His philosophies were  a dichotomy, the light and the dark and how they must live in harmony within us all, never letting one or the other side rise to prominence. He was a steadfast believer that there must be no racism, sexism, or classism in this world after growing up in Japanese occupied Hong Kong and being bullied as a child by the other occupiers of Hong Kong’s children. He was an exceptional bully’s bully! 

Growing up as the only girl in my neighborhood if I wanted to play with the other kids, the boys, I had to play what they wanted to play, the Green Hornet and Batman were on at the time they would always want to be Britt Reid or Batman or Robin. I Only wanted to be Kato, I started dancing when I was 3 and would mimic the moves that Bruce would use as Kato, as best a 5 year old could. I was as far away from looking like Bruce Lee as just about anyone could except we shared the same haircut, I had a shock of bright red hair with a cowlick with a mind of it’s own.

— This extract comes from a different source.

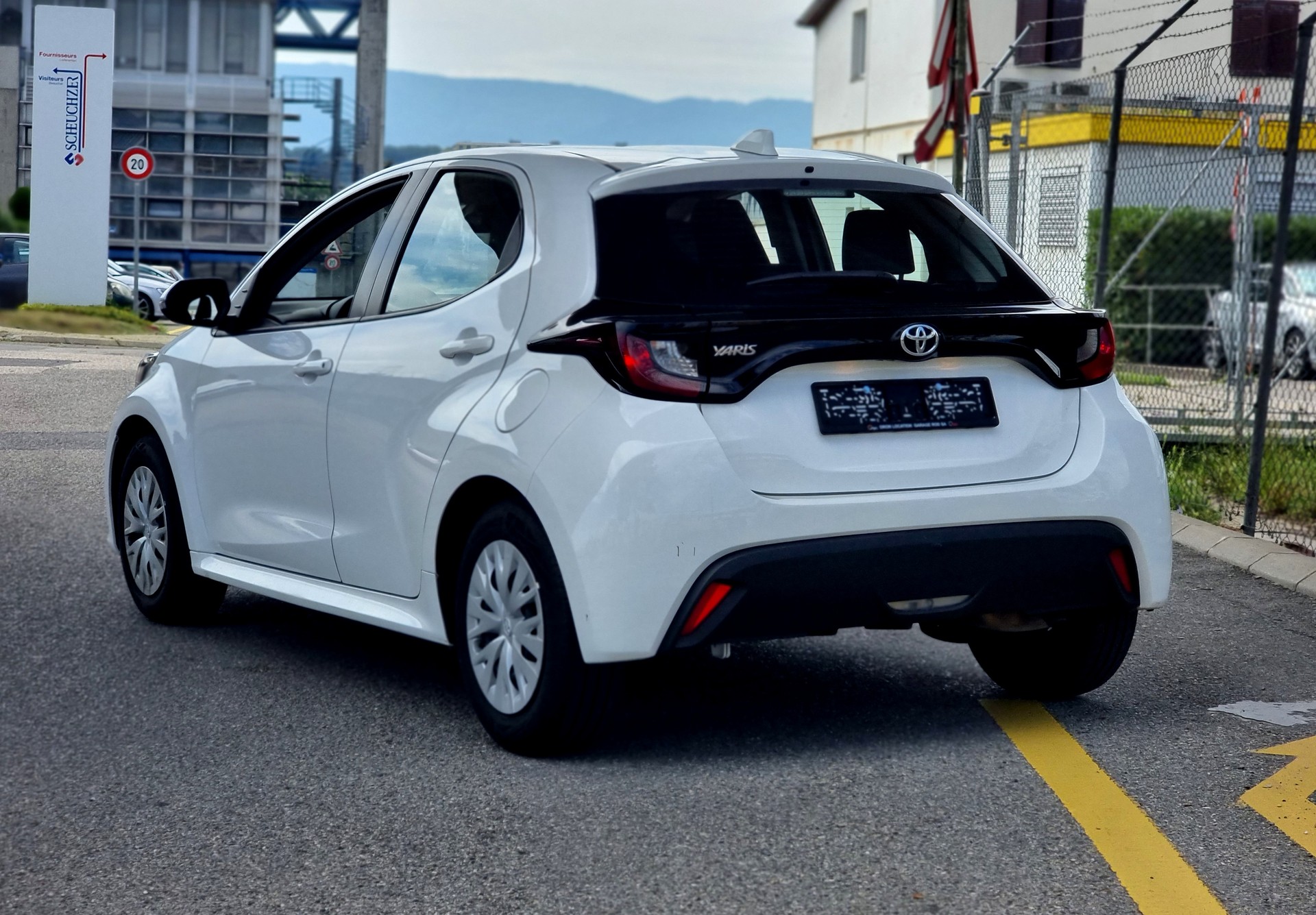 TOYOTA Yaris 1.0 Active-showroom-element-3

The only Bruce Lee movie my dad ever took me to was Enter the Dragon, and only because he was so important to me. I cried the for hours, knowing that we would never see another Bruce Lee movie because he passed away six days before the release of the movie.




His philosophies were ahead of their time. A faultless mixture of eastern and western theories, the esoteric, and how it all they all related to the fight. Whether the fight was with words, fists or one’s self and whether or when one needed to use one or the other. On my birthday in 1975, the present I received from my Dad was a The Tao of Jeet Kune Do, a first release, it was released 4 days before my birthday, and he had ordered it 6 months previously. Lost now to the inevitable sock in the dryer syndrome it was my favorite book, I would read it at school and everywhere i could it was always in my purse or book bag. Over and over I read it.

Over my fifty years of life I often think what the world lost when we lost Bruce. We know we lost a loving father, a beloved husband and a warrior for the oppressed.

I always think of Bruce when I think there may be some kind of conflict and again I mimic but in my mind, I am a smaller woman but like Bruce I would never back down, he inspired me there is of course NO HONOR in being a coward. 

It's been nearly 40 years since he passed away but I think of him often and fondly. We lost a great gift to the world when we lost the 135 pound Lethal weapon.

Thank You Shannon for sharing this wonderful tribute to your Daddy.